* THE TASK
Carry none of the pictures over; write out the complete data exactly.

Image-caption web data
——————————

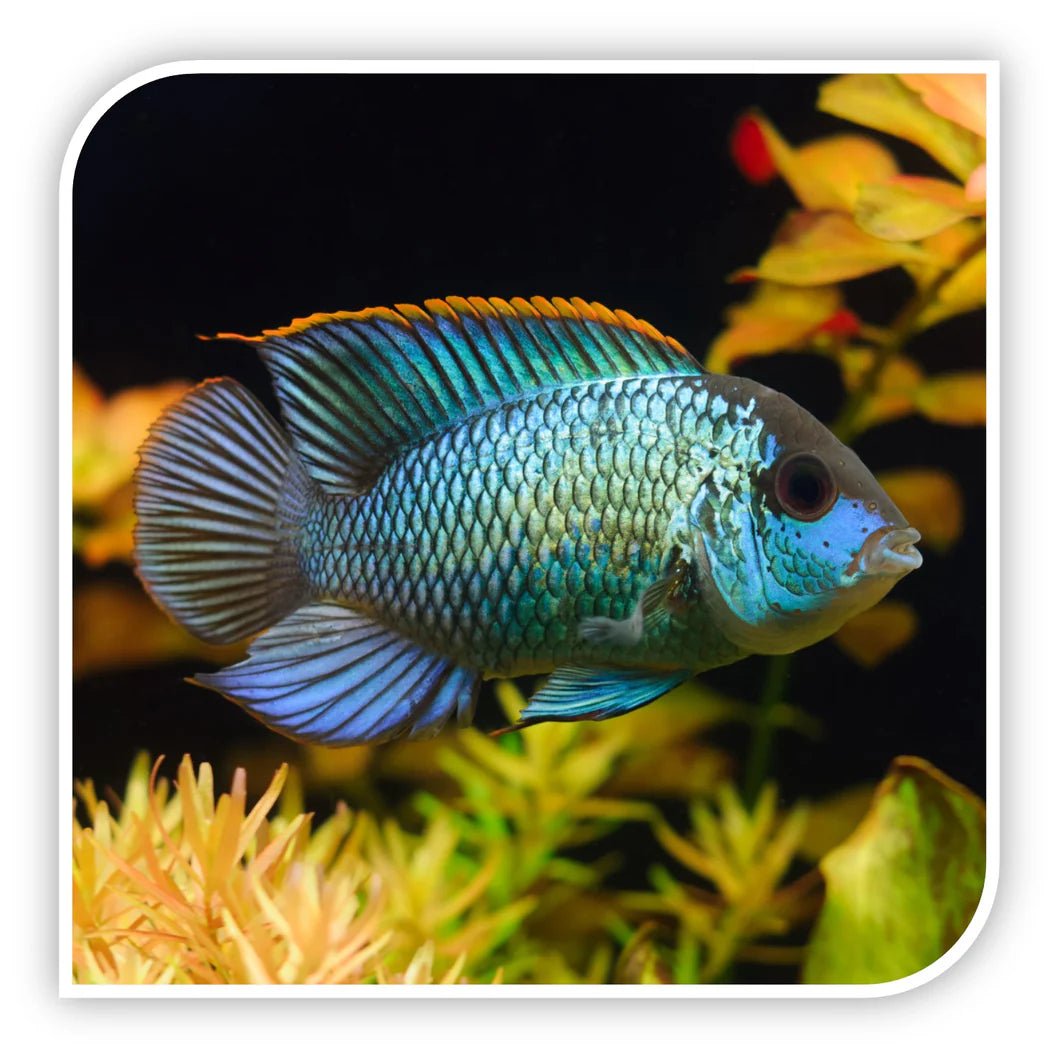 Acara blue - Discus Roa Fish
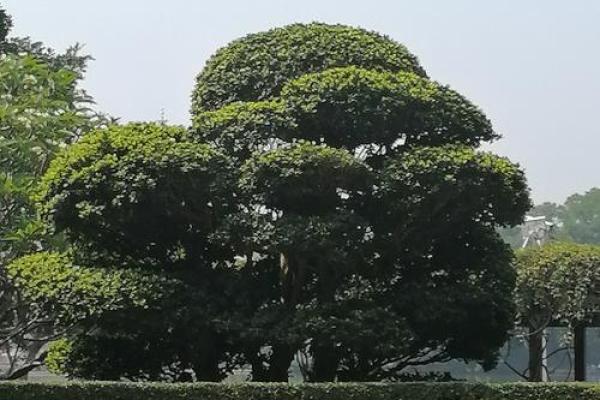 房子倒映在水中有什么风水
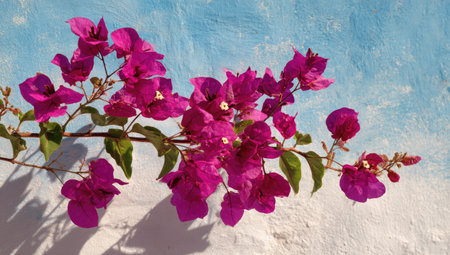 Close-up of vibrant pink bougainvillea flowers against a textured white and blue wall. The composition highlights the flowers' intricate details and the contrast with the background. The scene is illuminated by sunlight creating shadows, suitable for various uses including decorative and design projects.の素材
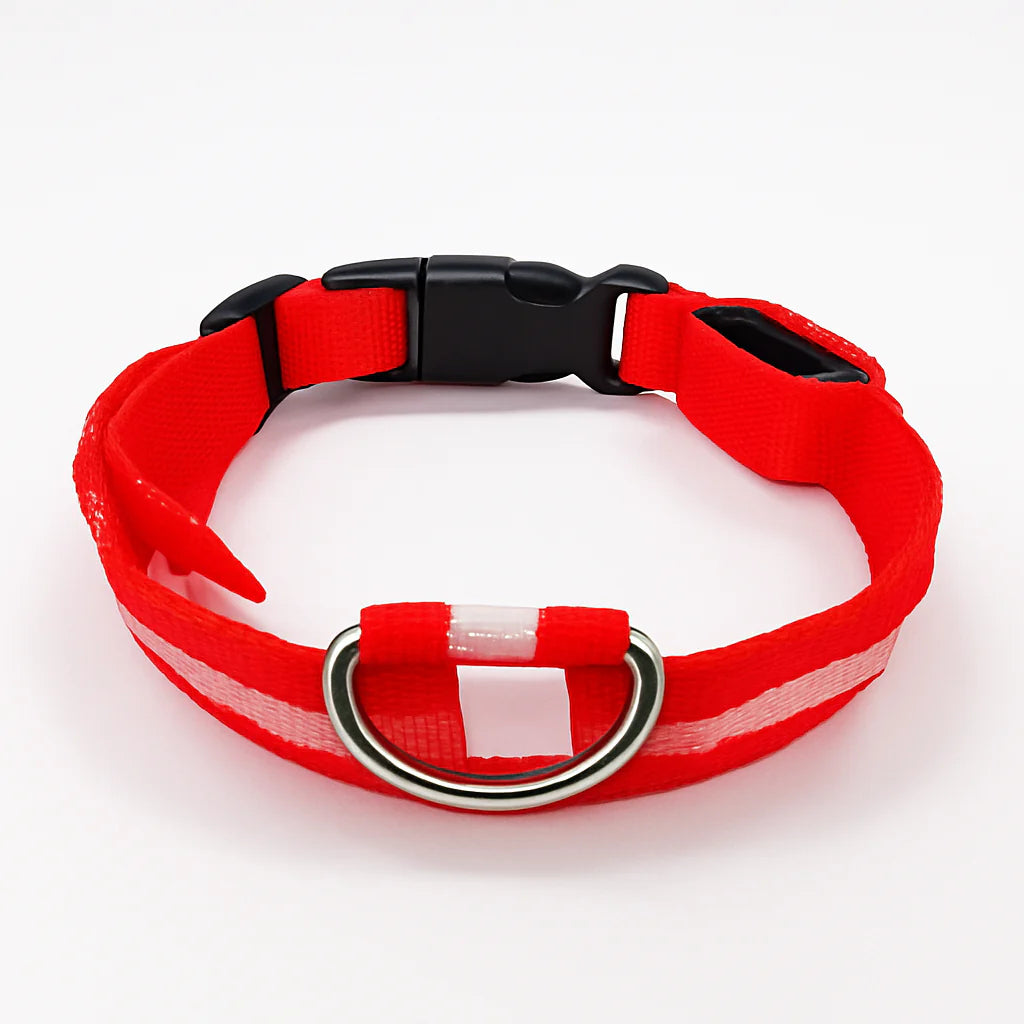 Lysende hundehalsbånd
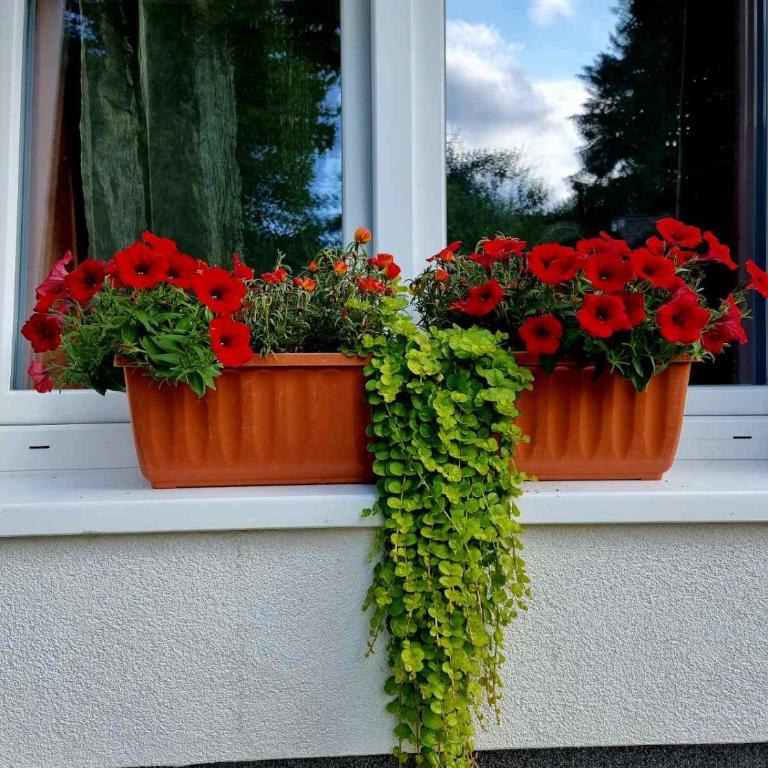 Haus Bierherr - Apartment - Ground Floor - 1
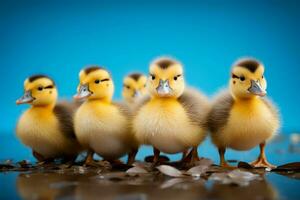 ai gegenereerd schattig pluizig klein weinig geel eenden ai gegenereerd foto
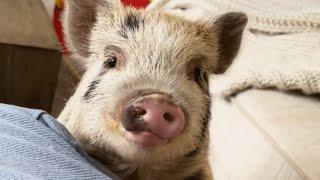 Woman adopts a pig. And now she says they're smarter than dogs.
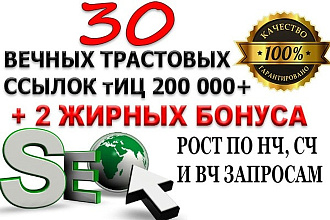30 качественных ссылок на Ваш сайт + 2 жирных бонуса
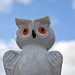 owl in the sky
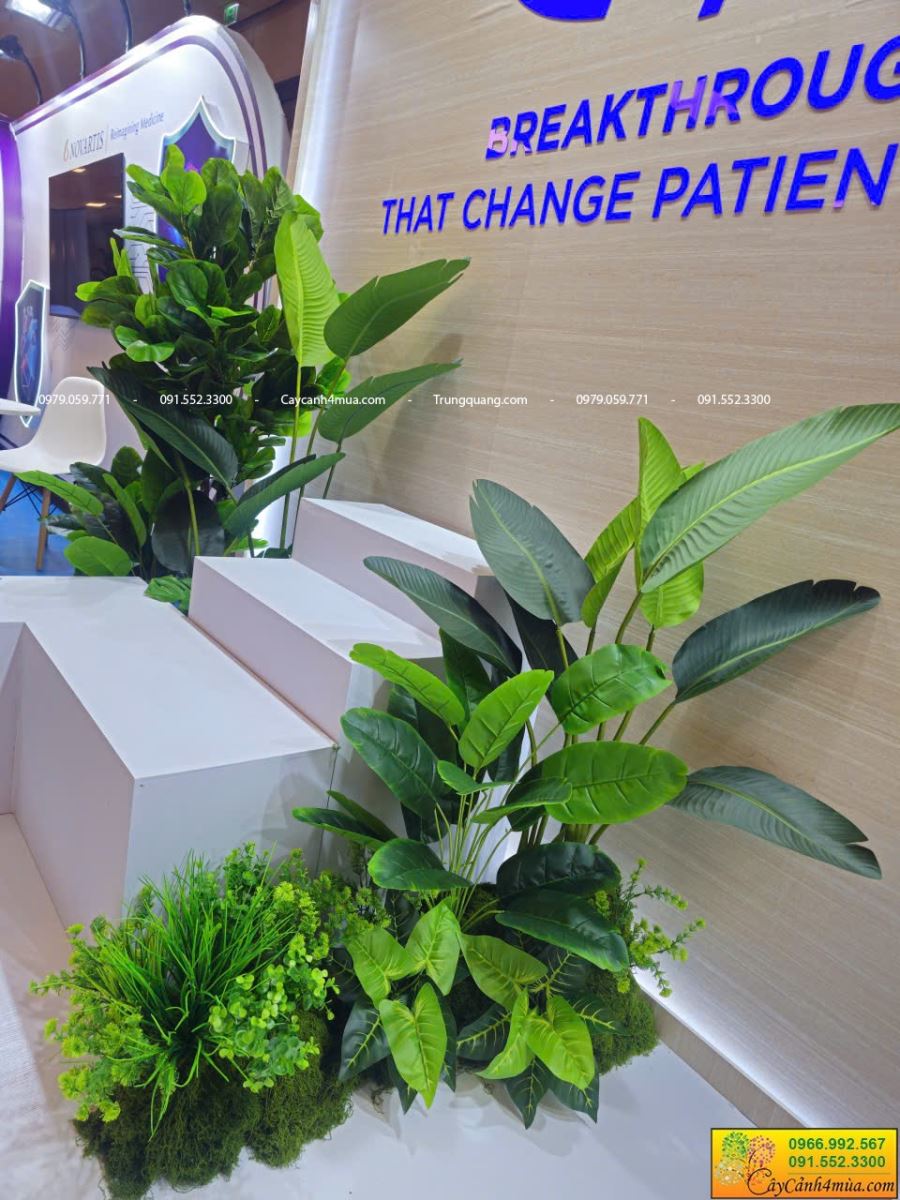 cho thuê cây giả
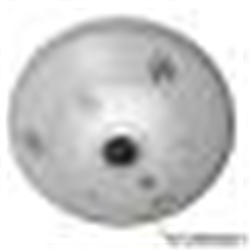 Telecamera Dome da interno TruVision™ 360 gradi IP, 12 MPX, PAL, 1.29mm fisheye lens, True D/N, 15m IR, 2 way audio (2 built-in mic & speaker), Alarm(alarm input and alarm output), SD/SDHC slot, PoE + (802.3-at) /12vdc, gray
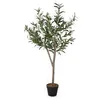 Image de Plante d'olivier artificielle dans un pot noir avec 20 olives   120 x 60 cm   Arbre artificiel dans un pot de fleurs avec 580 feuilles   Arbre décoratif en pot   Arbre décoratif d'intérieur comme de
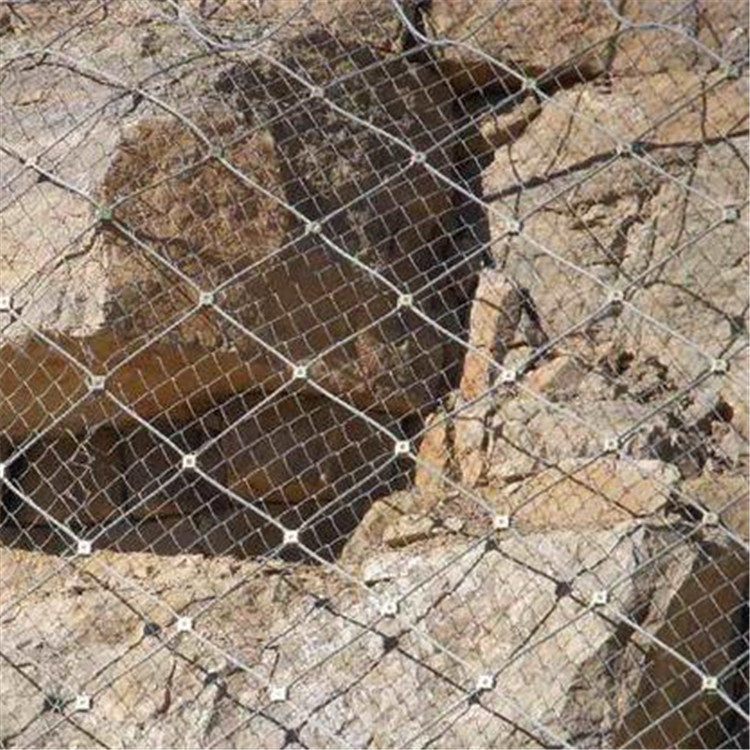 防護網(wǎng)圖片/防護網(wǎng)樣板圖 (4)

——————————

* ANSWER SECTION
 Acara blue - Discus Roa Fish
 房子倒映在水中有什么风水
 Close-up of vibrant pink bougainvillea flowers against a textured white and blue wall. The composition highlights the flowers' intricate details and the contrast with the background. The scene is illuminated by sunlight creating shadows, suitable for various uses including decorative and design projects.の素材
 Lysende hundehalsbånd
 Haus Bierherr - Apartment - Ground Floor - 1
 ai gegenereerd schattig pluizig klein weinig geel eenden ai gegenereerd foto
 Woman adopts a pig. And now she says they're smarter than dogs.
30 качественных ссылок на Ваш сайт + 2 жирных бонуса
 owl in the sky
 cho thuê cây giả
 Telecamera Dome da interno TruVision™ 360 gradi IP, 12 MPX, PAL, 1.29mm fisheye lens, True D/N, 15m IR, 2 way audio (2 built-in mic & speaker), Alarm(alarm input and alarm output), SD/SDHC slot, PoE + (802.3-at) /12vdc, gray
 Image de Plante d'olivier artificielle dans un pot noir avec 20 olives   120 x 60 cm   Arbre artificiel dans un pot de fleurs avec 580 feuilles   Arbre décoratif en pot   Arbre décoratif d'intérieur comme de
 防護網(wǎng)圖片/防護網(wǎng)樣板圖 (4)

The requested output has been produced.